La Gioia ® Luca Del Pia

53 supporteurs du RC Lens s’approprieront la scène dans Stadium de Mohamed El Khatib. Dans une ambiance de stade de football avec tribune, supporteurs, mascotte, banderoles, Stadium est une rencontre entre deux publics opposés, croisant leurs univers respectifs. Dans cette lignée du théâtre documentaire, pour la première fois en Belgique, Tatiana Frolova présentera la pièce Le Bonheur dans laquelle elle conte les déboires politiques de son pays, la Russie. Armée de sa caméra, la metteuse en scène récolte les témoignages de ses compatriotes, ceux pour qui elle a décidé de faire vivre ce spectacle. La pièce à succès Après le silence de Christiane Jatahy, récompensée du Lion d’or du théâtre de la Biennale de Venise 2022, dénonce l’esclavage contemporain présent au Brésil, son pays d’origine. Dans la pièce finale de sa Trilogie des horreurs, trois femmes témoigneront sur leurs conditions de vie. Cette satire politique prend vie sous la forme d’un documentaire, entre théâtre et cinéma.

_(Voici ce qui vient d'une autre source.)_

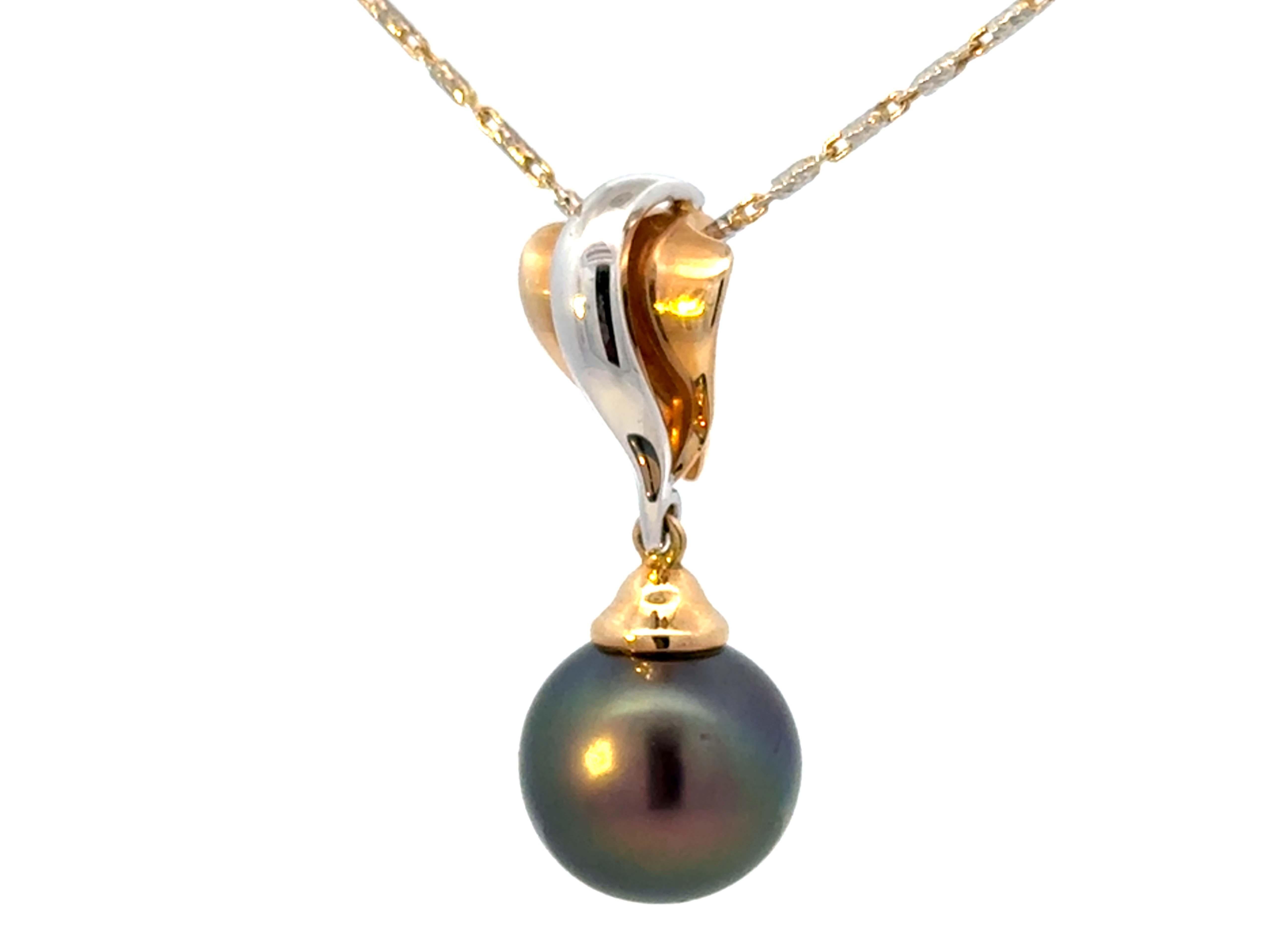 Taglio rotondo Collana di perle di Tahiti bicolore con pavone in oro massiccio 14k in vendita
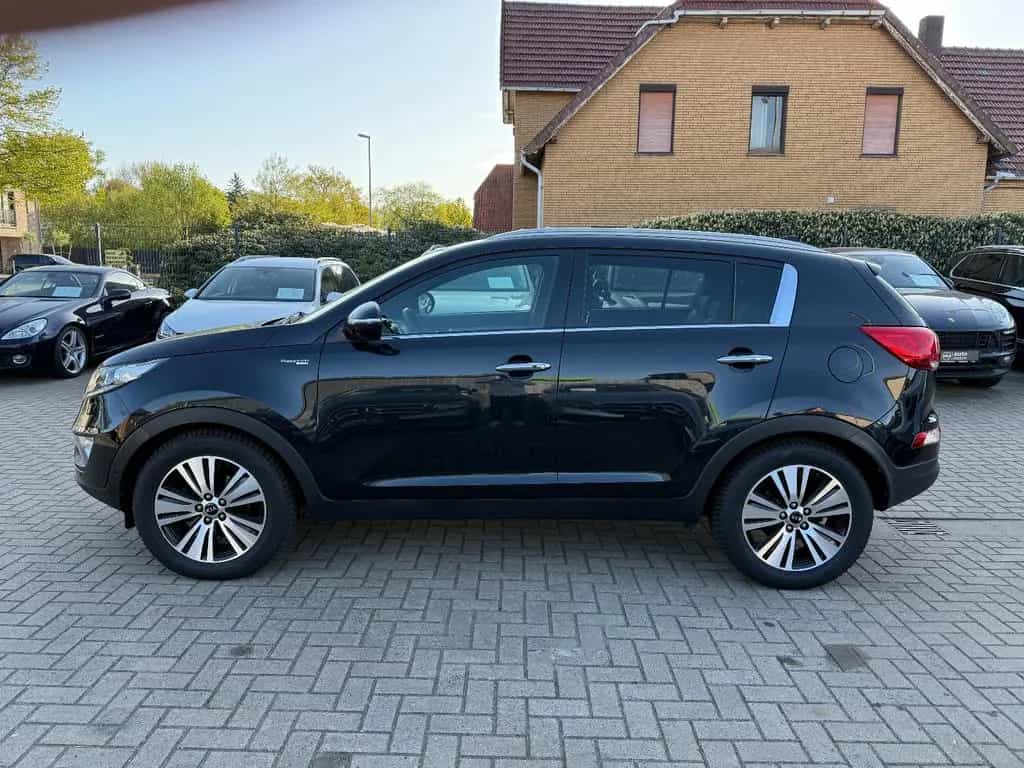 Kia Sportage 2.0 CRDi, Aut., 4WD, AHK, TÜV 04/28 01/2016-photo-1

Stadium ® Yohanne Lamoulère

Le Théâtre National proposera aussi des classiques modernisés avec La Mouette de Tchekov, dans une performance de Cyril Teste qui exploite la scène comme lieu de travail, à la frontière entre théâtre et cinéma. Les Enfants terribles de Jean Cocteau, réinventé par Phia Ménard, se présente comme un spectacle lyrique où chanteurs et pianistes font revivre l’opéra de Philip Glass.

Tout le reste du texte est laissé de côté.